Faltering economy or impending polls

Faltering economy or impending polls

Rajeev Jayaswal

Finance Minister Arun Jaitley will present his fifth Budget in a row on the first day of February. By now, he must be a master funambulist, a veteran tightrope walker like most of the Indian housewives, who manage their households despite rising inflation and shoestring budgets. 

FM Jaitley also needs to do a similar jugglery, find a balance between dwindling revenue and the party's clamour to woo voters, particularly the urban middle class and the farmer.

The ruling BJP now realises that it has estranged the rural voter. It has been quite evident in the Gujarat assembly election. The party had somehow managed to win Gujarat after making a huge sacrifice in terms of the GST revenue. The Modi government's largesse ranged from the banal and populist Gujarati namkeens like 'khakra' as also rendering the controversial 28 per cent GST slab redundant by moving 178 items to the lower 18 per cent slab to win over the state's business community.
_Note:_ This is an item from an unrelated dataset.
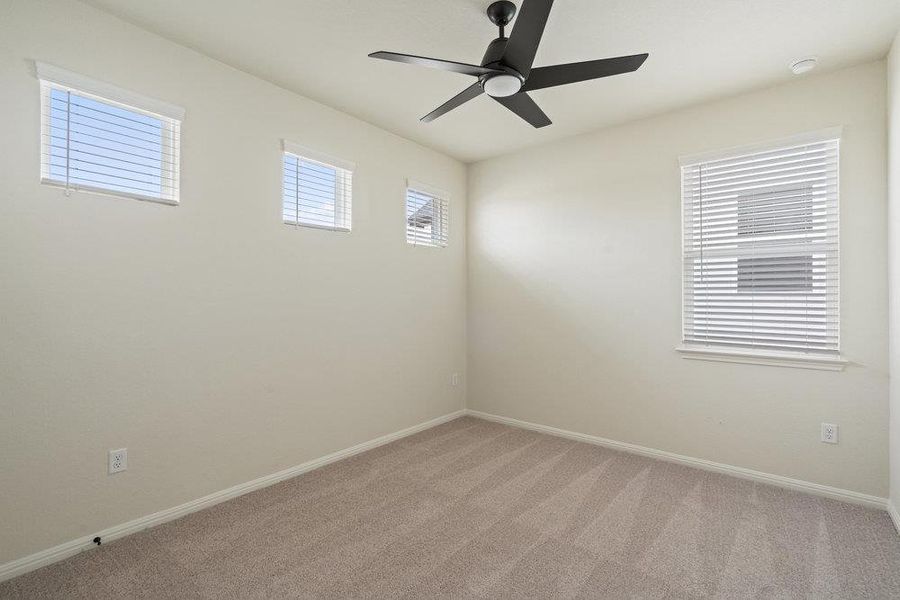 Spacious, unfurnished interior of a new home in Foxfield, Austin (Image 17). Spacious, unfurnished interior of a new home in Foxfield, Austin (Image 17).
While the move swayed the urban Gujaratis, the rural voters remained sullen. 

The General Election now looms ahead and the party faithful would like Jaitley to unveil exclusive packages for rural India in the Budget. Even if FM Jaitley would be tempted to win over farmers with a mega loan waiver plan, his hands will be tied because of the resource crunch. He is almost certain to breach the 3.2 per cent fiscal deficit target for the current financial year. Even if he were to recalibrate next year's borrowing target, a greater priority has to be on productive public expenditures to boost the economic growth and generate employment rather than freebies that would be distressful for the economy. 

It is the moral duty of the Modi government in general and the finance minister in particular to bring the economy back on the track. The economy, particularly the informal sector, is still reeling under the double whammy of demonetisation and ill-prepared GST. The Budget 2018-19 provides an opportunity to FM Jaitley to make a course correction to retain the upper hand in the coming general elections. 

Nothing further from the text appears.